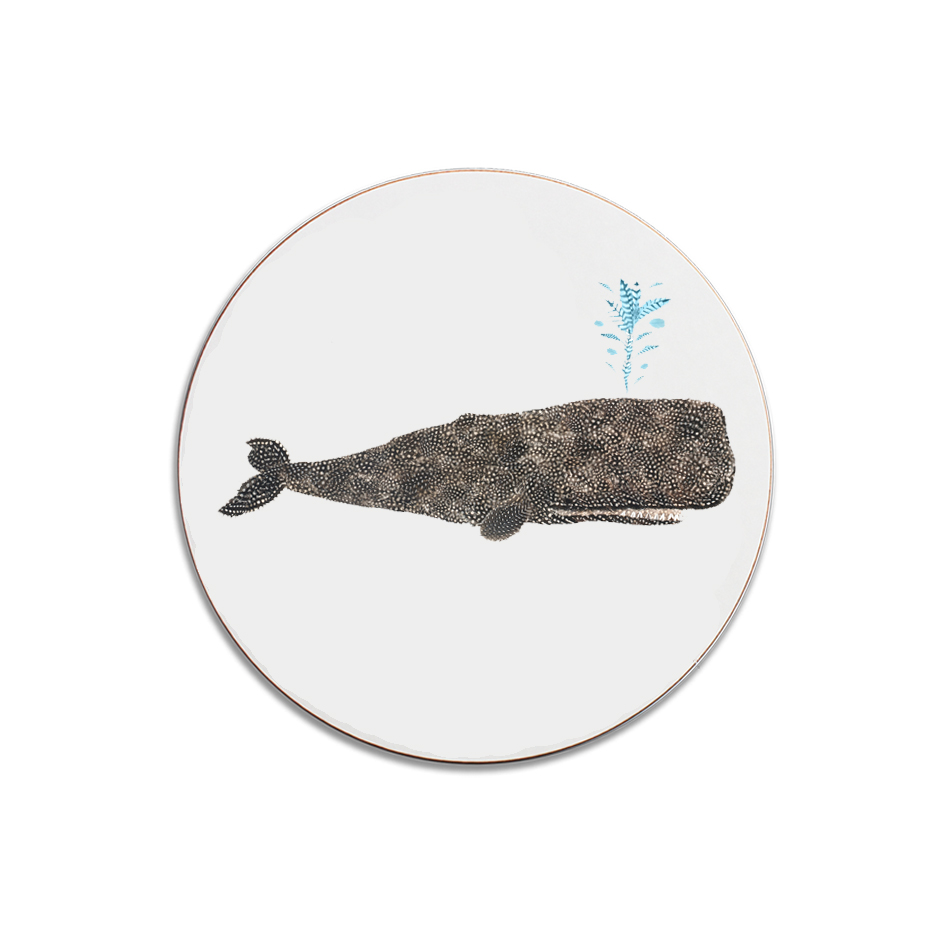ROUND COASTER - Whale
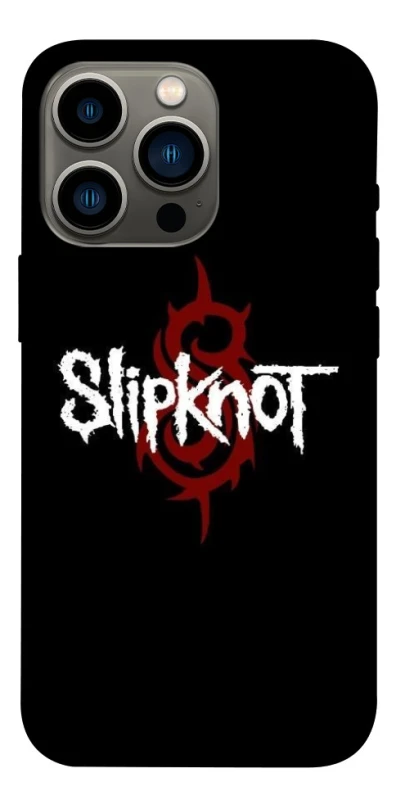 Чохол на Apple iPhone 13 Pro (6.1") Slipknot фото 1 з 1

● ● ● ●

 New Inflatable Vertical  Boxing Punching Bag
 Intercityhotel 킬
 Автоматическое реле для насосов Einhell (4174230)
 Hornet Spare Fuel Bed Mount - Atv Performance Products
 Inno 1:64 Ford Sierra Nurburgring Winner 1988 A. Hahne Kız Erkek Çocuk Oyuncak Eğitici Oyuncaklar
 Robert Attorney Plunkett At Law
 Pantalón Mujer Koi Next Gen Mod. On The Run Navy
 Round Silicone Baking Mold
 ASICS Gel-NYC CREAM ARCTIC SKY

● ● ● ●

Print the lines above from the one with "New Inflatable Vertical" through the one with "ASICS Gel-NYC CREAM ARCTIC SKY", both included, exactly as written and nothing more.

 New Inflatable Vertical  Boxing Punching Bag
 Intercityhotel 킬
 Автоматическое реле для насосов Einhell (4174230)
 Hornet Spare Fuel Bed Mount - Atv Performance Products
 Inno 1:64 Ford Sierra Nurburgring Winner 1988 A. Hahne Kız Erkek Çocuk Oyuncak Eğitici Oyuncaklar
 Robert Attorney Plunkett At Law
 Pantalón Mujer Koi Next Gen Mod. On The Run Navy
 Round Silicone Baking Mold
 ASICS Gel-NYC CREAM ARCTIC SKY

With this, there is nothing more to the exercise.